Livestock, Antibiotics, and Pretend Play
The industry is pretending that antibiotics use on factory farms today is healthy and safe, but their arguments muddy the truth.
Everything I’ve read suggests that pretend play is important for my four-year-old. I have yet to come across a study finding that it’s important for the meat industry.
Yet here’s the North American Meat Institute with a video about antibiotics. Their video demonstrates how farming operations separate sick animals from the herd and give the sick ones an antibiotic shot. The video seems to ask, “What’s so wrong with using antibiotics this way?” The answer, of course, is… (drumroll) nothing.
The industry is pretending that groups like mine would object to giving antibiotics to sick animals. In truth our critique is directed at the routine use of antibiotics, the daily deluge, the administering of antibiotics in feed and water to animals that aren’t sick.
We work with a lot of groups on this issue, including Consumers Union, NRDC, Center for Food Safety, Keep Antibiotics Working, Friends of the Earth and more. I’ve yet to hear someone criticize the use of antibiotics when an animal gets an infection. The same is true of elected officials who work on this issue and the reports they release (start on page 50 for antibiotics and animal use).

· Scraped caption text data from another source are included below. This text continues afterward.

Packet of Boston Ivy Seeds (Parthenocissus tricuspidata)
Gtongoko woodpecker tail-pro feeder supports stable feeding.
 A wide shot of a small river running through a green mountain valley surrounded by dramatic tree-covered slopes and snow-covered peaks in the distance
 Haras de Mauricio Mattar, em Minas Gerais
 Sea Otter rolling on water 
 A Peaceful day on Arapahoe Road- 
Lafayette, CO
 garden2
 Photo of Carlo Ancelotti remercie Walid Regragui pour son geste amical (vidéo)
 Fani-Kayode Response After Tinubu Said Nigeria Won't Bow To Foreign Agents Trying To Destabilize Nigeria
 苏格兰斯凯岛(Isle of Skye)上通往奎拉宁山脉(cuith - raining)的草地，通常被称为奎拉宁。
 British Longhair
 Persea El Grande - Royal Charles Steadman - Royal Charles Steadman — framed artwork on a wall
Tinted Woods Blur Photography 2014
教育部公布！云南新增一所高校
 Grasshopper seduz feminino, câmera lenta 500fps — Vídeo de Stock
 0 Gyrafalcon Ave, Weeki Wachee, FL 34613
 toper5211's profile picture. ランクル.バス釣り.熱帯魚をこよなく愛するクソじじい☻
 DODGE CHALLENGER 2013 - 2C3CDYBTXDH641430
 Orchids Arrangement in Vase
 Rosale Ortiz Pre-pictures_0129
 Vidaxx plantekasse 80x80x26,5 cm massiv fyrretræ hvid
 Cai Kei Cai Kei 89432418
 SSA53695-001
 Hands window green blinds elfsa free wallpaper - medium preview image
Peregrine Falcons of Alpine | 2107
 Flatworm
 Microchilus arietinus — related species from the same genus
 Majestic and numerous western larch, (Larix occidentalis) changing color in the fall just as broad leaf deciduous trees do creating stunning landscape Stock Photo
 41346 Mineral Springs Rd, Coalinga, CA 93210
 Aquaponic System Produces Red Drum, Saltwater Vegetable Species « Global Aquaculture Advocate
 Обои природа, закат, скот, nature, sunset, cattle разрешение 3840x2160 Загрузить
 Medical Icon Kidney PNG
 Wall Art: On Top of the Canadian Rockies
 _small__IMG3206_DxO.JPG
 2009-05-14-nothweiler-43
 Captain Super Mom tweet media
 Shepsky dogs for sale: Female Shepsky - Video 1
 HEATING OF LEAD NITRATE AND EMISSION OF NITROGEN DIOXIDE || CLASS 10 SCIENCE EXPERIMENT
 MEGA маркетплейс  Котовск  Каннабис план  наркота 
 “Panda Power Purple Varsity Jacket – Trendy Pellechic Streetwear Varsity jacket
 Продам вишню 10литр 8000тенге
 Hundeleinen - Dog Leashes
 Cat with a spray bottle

Interestingly, the article that accompanies the video, which appears in Beef Daily, starts off by critiquing the burger joint Hardee’s for its advertising of an all-natural burger. The author writes: “with advertising based on fear-driven marketing, consumers are left questioning whether a burger from places like McDonald’s or Burger King does in fact include… antibiotics.”
The author, too, seems to miss the point. It’s not whether antibiotic residues are in the burger. Assuming everyone follows the rules, the drugs have left the animal’s system well before the slaughterhouse. Rather, the concern is the overuse of antibiotics in raising animals and the public health consequences.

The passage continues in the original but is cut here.